Il mio lavoro alla Roma è cambiato grazie ai cambiamenti tecnologici che sono stati introdotti in questi anni. Da Ranieri, passando per Luis Enrique, Andreazzoli, Zeman, Garcia, Spalletti, e oggi Di Francesco non sono cambiate le richieste degli allenatori ma è cambiato il supporto tecnologico. Sono stato io in questi anni ad adattarmi alla visione di gioco di ogni allenatore, sfruttando la tecnologia al meglio e al massimo. La fase vissuta con Luis Enrique è stata in un momento di svolta; credeva fermamente nella video analisi, studiare i dettagli di ogni gara. Dopo aver riguardato le partite, le riorganizzava per poterle sottoporre alla squadra in maniera molto meticolosa e incredibilmente organizzata. Per me è stata una novità il suo modo di lavorare, un allenatore straniero che ha portato nuove idee, che non si sono rivelate del tutto vincenti e neppure esportabili, ma assolutamente innovative.

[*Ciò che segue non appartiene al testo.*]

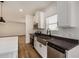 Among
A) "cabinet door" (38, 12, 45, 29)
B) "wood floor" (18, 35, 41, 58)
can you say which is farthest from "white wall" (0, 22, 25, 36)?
"cabinet door" (38, 12, 45, 29)

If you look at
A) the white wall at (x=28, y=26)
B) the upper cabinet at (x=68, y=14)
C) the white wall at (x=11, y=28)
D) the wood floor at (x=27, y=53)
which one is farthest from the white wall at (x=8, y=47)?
the white wall at (x=11, y=28)

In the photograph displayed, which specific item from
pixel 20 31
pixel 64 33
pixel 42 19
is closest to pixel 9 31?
pixel 20 31

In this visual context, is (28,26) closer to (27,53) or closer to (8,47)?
(27,53)

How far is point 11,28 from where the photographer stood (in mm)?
12805

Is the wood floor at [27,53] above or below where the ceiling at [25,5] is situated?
below

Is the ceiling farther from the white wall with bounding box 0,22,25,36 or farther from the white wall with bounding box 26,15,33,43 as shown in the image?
the white wall with bounding box 0,22,25,36

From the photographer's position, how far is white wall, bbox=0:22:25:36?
1208 centimetres

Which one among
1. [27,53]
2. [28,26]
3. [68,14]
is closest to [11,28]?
[28,26]

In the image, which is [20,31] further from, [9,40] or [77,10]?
[77,10]

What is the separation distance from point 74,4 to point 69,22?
495 mm

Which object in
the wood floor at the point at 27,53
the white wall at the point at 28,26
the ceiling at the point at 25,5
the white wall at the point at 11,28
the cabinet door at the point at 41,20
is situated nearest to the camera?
the wood floor at the point at 27,53

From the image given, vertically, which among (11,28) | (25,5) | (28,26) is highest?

Andiamo all’attualità, tatticamente, che tipo di avversario sarà il Cagliari?

Il Cagliari è una squadra composta di giocatori di un certo livello rispetto alle altre squadre che si trovano nella stessa zona della classifica. Giocatori come Pavoletti, João Pedro, Cigarini, Barella sono pedine di qualità.

Come approcciano alla gara?

Il loro modo di gioco, il loro approccio è aggressivo. Soprattutto in casa, recuperano tanti palloni nella metà campo avversaria. Però la nostra costante positiva di quest’anno è stato costringere l’avversario alla nostra partita, e dovremmo fare così anche sabato. Dobbiamo giocare come vuole il mister, ricordo solo pochi spezzoni di partita in cui non abbiamo costretto la squadra avversaria a dover attuare un atteggiamento difensivo. Solo episodi di una stagione.

Quindi?

Dovremmo fare la nostra partita, costringendo l’avversario, tornando alla statistiche, ai nostri numeri, ai nostri concetti.

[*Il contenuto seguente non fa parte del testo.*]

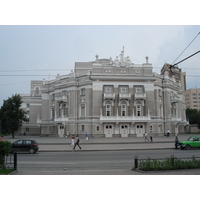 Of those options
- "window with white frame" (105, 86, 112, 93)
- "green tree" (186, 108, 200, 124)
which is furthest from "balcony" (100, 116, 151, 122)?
"green tree" (186, 108, 200, 124)

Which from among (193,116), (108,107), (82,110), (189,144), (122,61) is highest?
(122,61)

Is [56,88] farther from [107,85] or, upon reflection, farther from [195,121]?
[195,121]

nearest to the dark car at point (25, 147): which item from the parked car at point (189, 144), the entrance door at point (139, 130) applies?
the parked car at point (189, 144)

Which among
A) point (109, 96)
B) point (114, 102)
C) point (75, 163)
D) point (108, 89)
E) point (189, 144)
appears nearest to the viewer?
point (75, 163)

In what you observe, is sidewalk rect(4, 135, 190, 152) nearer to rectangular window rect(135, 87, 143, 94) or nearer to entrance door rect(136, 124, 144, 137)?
entrance door rect(136, 124, 144, 137)

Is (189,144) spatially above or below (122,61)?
below

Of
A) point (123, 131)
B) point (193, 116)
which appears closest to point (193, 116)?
point (193, 116)

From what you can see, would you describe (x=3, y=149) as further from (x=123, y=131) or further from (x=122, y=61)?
(x=122, y=61)

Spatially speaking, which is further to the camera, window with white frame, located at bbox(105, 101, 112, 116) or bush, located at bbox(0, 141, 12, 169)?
window with white frame, located at bbox(105, 101, 112, 116)

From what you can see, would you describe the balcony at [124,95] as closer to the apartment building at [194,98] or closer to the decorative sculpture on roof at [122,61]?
the decorative sculpture on roof at [122,61]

Quali sono i punti di forza di questa Roma?

Sicuramente l’allenatore. E a cascata il gruppo. Il tecnico Di Francesco ha portato una mentalità da squadra di alto livello europeo. La partita con il Chelsea a Londra è la testimonianza che questo gruppo ha una mentalità che prescinde dall’avversario, un gruppo che segue l’allenatore, che si sta stringendo sempre di più partita dopo partita, vittoria dopo vittoria e pareggio dopo pareggio. Nella gara contro il Chievo ha fatto benissimo, ma non ha portato i frutti sperati. Ancora una dimostrazione di grande forza dovuta all’allenatore e al gruppo che si e creato intorno a lui.